MikeGitb avatar Sep 27 '17 07:09 MikeGitb

a proper static analysis tool

Are you aware of any such tool? (and to make things more realistic, it should catch a general case, not just the patter where the literal std::string_view is used.

kcc avatar Sep 27 '17 14:09 kcc

See https://bugs.llvm.org/show_bug.cgi?id=34500

The problematic cases should be caught by static analyzers, but are not, because the tools are buggy.

villevoutilainen avatar Sep 27 '17 16:09 villevoutilainen

@kcc so if I understand correctly, you are just complaining about tool implementation, rather than the guideline itself? Why would you not raise an issue directly with your tool vendor?

neilmacintosh avatar Sep 27 '17 16:09 neilmacintosh

@kcc: Sorry, I expressed myself poorly. What I meant was std::string_view should be treated like a glorified pointer (potentially by special logic) and IF that is the case, then any tool should be able to detect that you are creating a std::string_view (aka pointer) to a temporary (not saying any tool is actually doing it).

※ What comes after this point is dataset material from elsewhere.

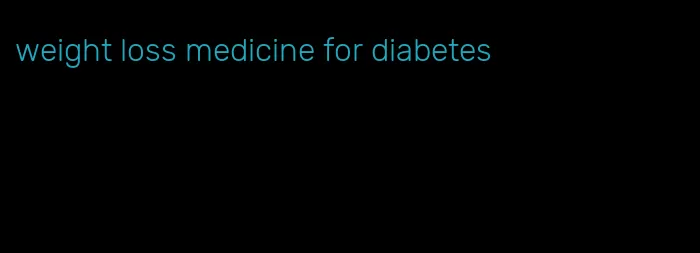 weight loss medicine for diabetes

Apparently this is not where we are, but it wouldn't require black magic to do so. This is why I call it a tool issue.

Now, my understanding of the demos @neilmacintosh gave at cppcon 2015 during Herb's talk (Neil, please correct me if I'm wrong) was that the goal for Microsoft's analyser was to do even better and actually detect that string_view has an internal pointer, that points to data, whose lifetime is coupled to that of the temporary string. Obviously, they didn't demo string_view back then, but std::vector and iterators, which should be a very similar problem. Afaik they did demo more a proof of concept instead of a released product back then, but it shows that my expectations that your case should be detectable by a tool are not unreasonable.

Btw.: Of course that there also has to be a solution for custom types, but actually, I would be very happy, if tools knew about std::string_view and gsl::span and checked my code against their specification and not just a particular implementation thereof.

MikeGitb avatar Sep 28 '17 07:09 MikeGitb

Making tools do something special for std::string_view or other hand-picked types is counter-productive, imho. Users will start to rely on checker to find misuses of std::string_view and won't realize that a similar situation in their classes is not reported.

Not sure if we want to discuss this here, but there is also another related problem in the current checkers: they work on a single translation unit (right?). I.e. if the method that leaks internal state is declared in another TU, the checker is blind.

kcc avatar Sep 28 '17 17:09 kcc

@tamaskenez I have been pushing for something exactly like that. @kcc Is it possible that assessment is too colored by frustration?

gdr-at-ms avatar Sep 28 '17 18:09 gdr-at-ms

@MikeGitb The effort should be an increasing function of the risk in that case. Not something easy by default.

gdr-at-ms avatar Sep 28 '17 18:09 gdr-at-ms

@villevoutilainen Fully agreed.

gdr-at-ms avatar Sep 28 '17 18:09 gdr-at-ms

Is it possible that assessment is too colored by frustration?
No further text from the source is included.